Impact on the Guarantees of Origin (GOs) Market
The Energy Release program will significantly impact the Italian GOs market. «In the short term, it could remove up to 23 TWh of GOs annually from local auctions, as the GOs will be allocated and automatically canceled within industrial portfolios,» explains Polovtseva. She notes that this contrasts with the 15.3 TWh sold during the 2024 sessions (out of a total of 43 TWh offered).
«The current oversupply, driven by the carryover of unsold volumes, could intensify,» she points out. However, in the long term, the 138 TWh of renewable energy generated by beneficiary companies could increase the supply of Guarantees of Origin in the market, though they will likely be tied to Power Purchase Agreements (PPAs).
It is estimated that renewable GO cancellations in Italy will drop to 95 TWh in 2025 and gradually rise to 115 TWh by 2027.

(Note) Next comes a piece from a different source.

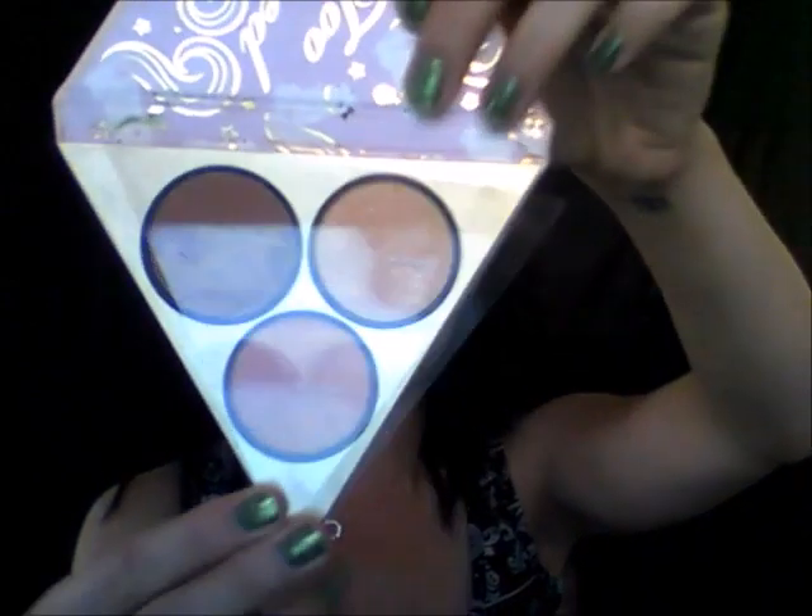I did put on — because one palette has like a bronzer, a blush, and a highlighter — I did put it on off camera because I'm trying to not make my videos super long. So this is the little bronzer blush highlighter I used. One con I will say is that if you have a darker skin tone, it's not really going to work for you. They should have had more of a variety when it came to this.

While the Italian GO market may experience a downward trend due to Energy Release, the expert believes this could be counterbalanced by new legislation driving demand, such as corporate sustainability directives (CSRD and CSDDD) or renewable hydrogen delegated acts. “Small producers could still find demand in other segments, like corporations,” she notes.

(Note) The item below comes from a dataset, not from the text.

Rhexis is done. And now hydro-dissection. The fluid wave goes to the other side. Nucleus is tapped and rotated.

Currently, Italy has two ongoing support schemes for energy-intensive industries: state aid for indirect emission costs, which compensates companies for part of their EU ETS costs via PPAs or GOs, and a discount on system charges, which requires compliance with green conditionality and the use of 30% green energy.
Challenges for Industries and the Future of PPAs
Despite the advantages of Energy Release, industries face several challenges. «The tight deadlines for expressing interest on the GSE portal, initially set between November 2024 and January 2025, have complicated applications,» Polovtseva explains. Although the period was extended until February 2025, finding developers willing to sign PPAs remains a hurdle.
The scheme could also spur growth in the Italian PPA market as it allows intermediaries to build renewable capacity.
However, the analyst stresses that finding developers is one of the sector’s main challenges.
From January to November 2024, 26 PPAs were recorded, compared to 17 during the same period in 2023. However, the contracted capacity was slightly lower (0.88 GW in 2024 versus 0.98 GW in 2023).
According to Veyt, the 138 TWh to be delivered over 20 years equates to between 3.5 and 5.5 GW of new renewable capacity. Polovtseva suggests that companies are likely to choose solar energy (with shorter installation times but higher capacity requirements) or onshore wind (with longer installation times but lower capacity requirements).